Her Story: A Triptych by Sarah Freligh

1: Father

Four nights straight the stranger sits in her section paying for cans of Pabst from a pile of tens. Friday night, they park at the reservoir and pass a silver flask, make bets on what’s Mars or stars. Next morning, he’s long gone, along with her purse full of tips and a new pair of panty hose.

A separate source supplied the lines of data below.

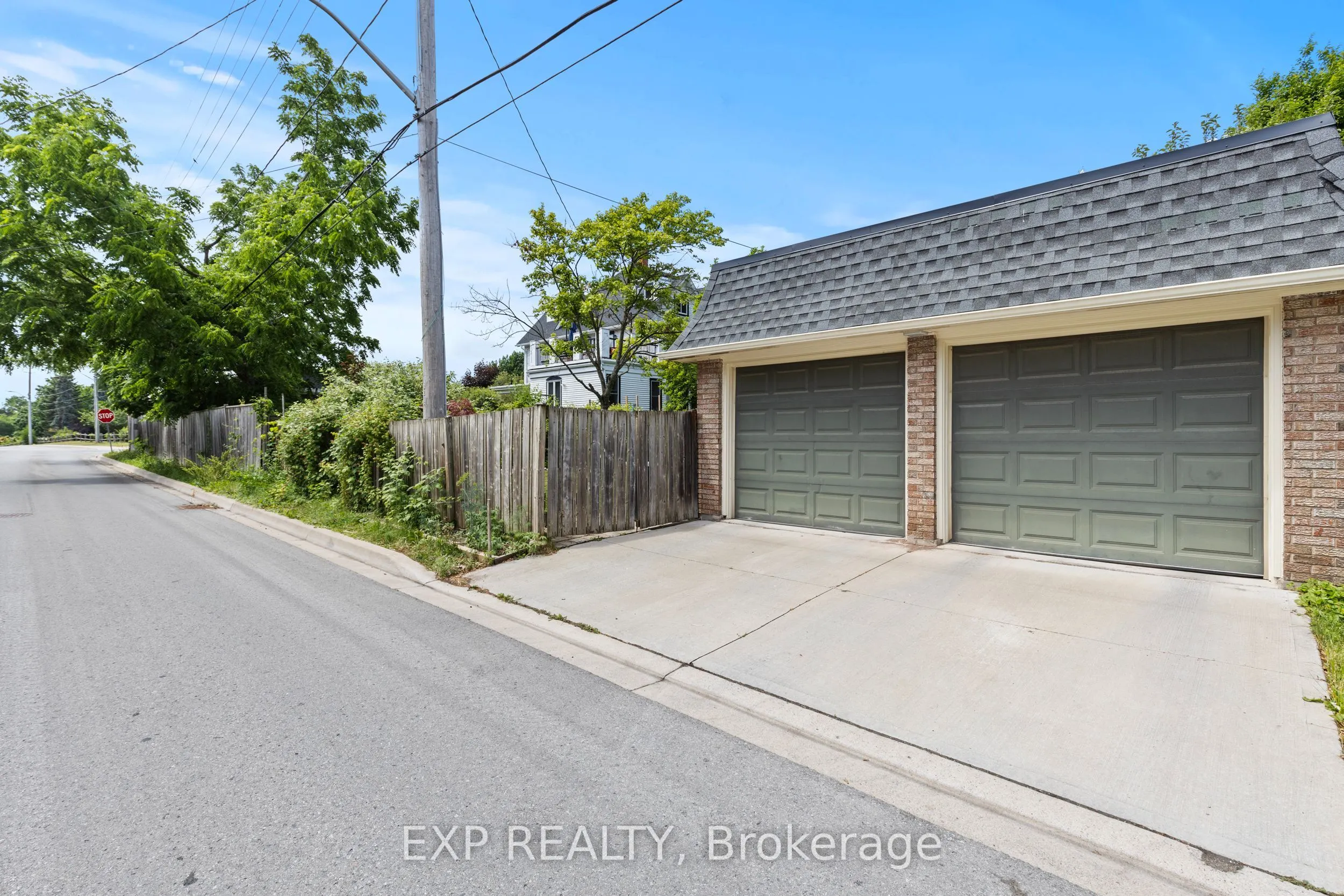 211 Merritt Street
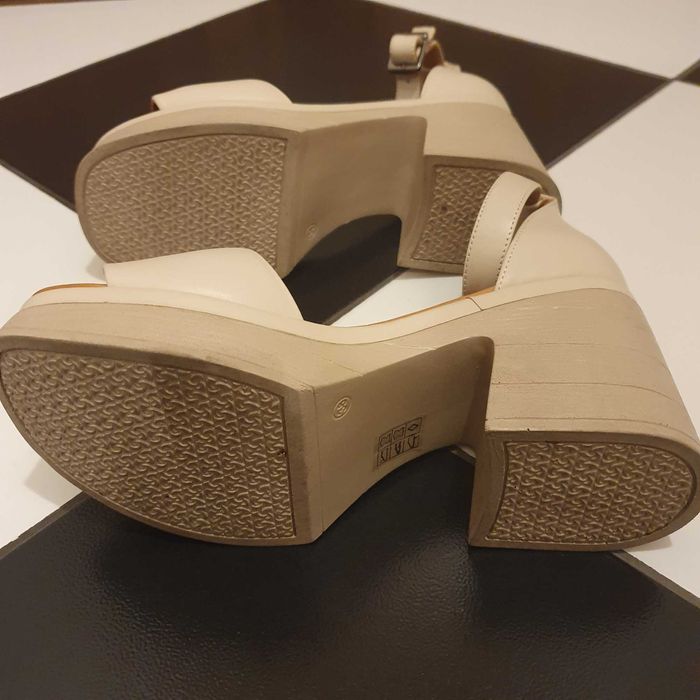 Dogati sandale piele naturala marime 38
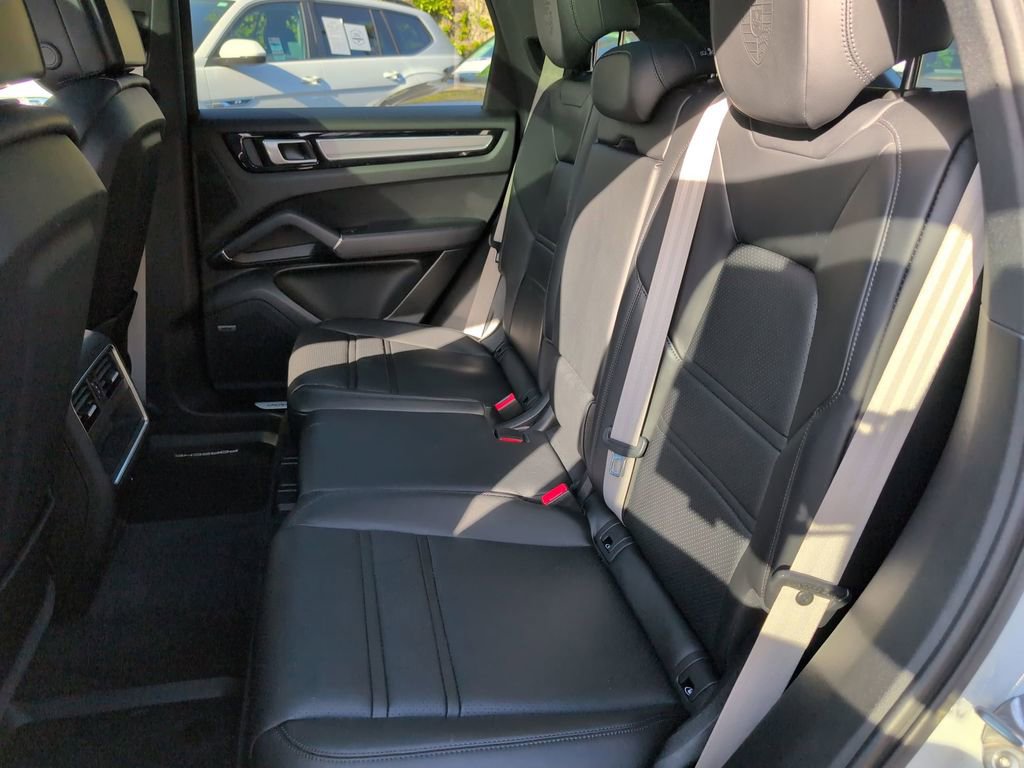 Used 2023 Porsche Cayenne Platinum Edition image 25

No to the mug shots, not him or him. She bets Vegas or maybe Miami, a yacht at sunset. He’s all about the full moon, a fat yellow lollypop, enough howl to last a lifetime. Every damn dog will answer to his name.

2: Therapy

Always November in these drawings. Always trees with no leaves, a row of stick figures, a father/mother/brother/dog lined up and smiling along an imaginary sidewalk bordered by imaginary daisies. Always a curl of smoke from the chimney of the imaginary fireplace where your mother left you alone with Ed or Ralph or Ben or any of the many men she asked you to call uncle even as you imagined the stray spark that would leap and catch and burn down the house and the yard and the whole goddamned world.

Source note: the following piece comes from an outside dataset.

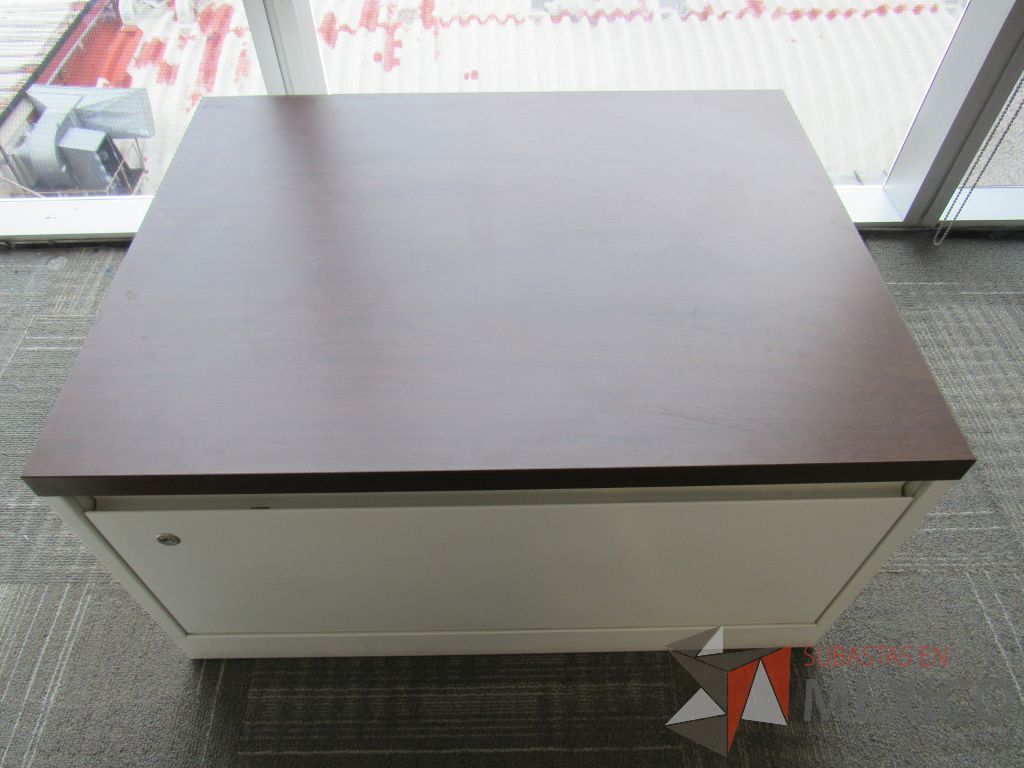Lote 203 - Escritorio en escuadra con gabinete bajo de pedestal y Gabinete de 1 cajón con cubierta color café. - Imagen 9
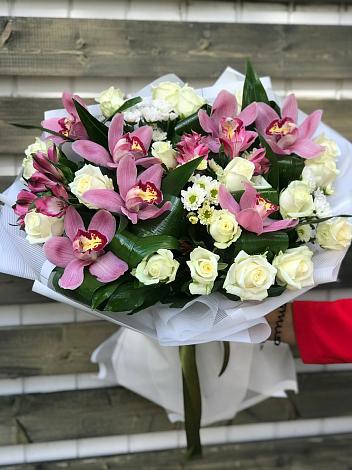 Букет цветов из: Розы и Хризантемы в Понежукай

But where are the windows, your therapist says? The door?

 3: Understand, Too, Why I Purr in My Sleep

Your daddy was an alley cat, my mother used to say. The story she’d get around to telling me when the ice in her glass paled the whiskey she was drinking. When the sun was long gone, when a swaddle of moths made a speckled mess of the porch light. Instead of a story, she blew smoke rings, perfect little wreaths that I’d shred with a finger.

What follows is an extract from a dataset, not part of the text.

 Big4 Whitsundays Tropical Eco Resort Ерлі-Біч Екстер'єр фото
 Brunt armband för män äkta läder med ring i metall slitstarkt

In her silence, I heard how, when spring yowled, my father had to chase the feral air.

Understand that this is why I chin you all over until I make you my smell.

 

Sarah Freligh is the author of Sad Math, winner of the 2014 Moon City Press Poetry Prize and the 2015 Whirling Prize from the University of Indianapolis. Recent work has appeared in Cincinnati Review, SmokeLong Quarterly, and in the anthology New Microfiction: Exceptionally Short Stories (W.W. Norton, 2018). Among her awards are a 2009 poetry fellowship from the National Endowment for the Arts and a grant from the Constance Saltonstall Foundation in 2006.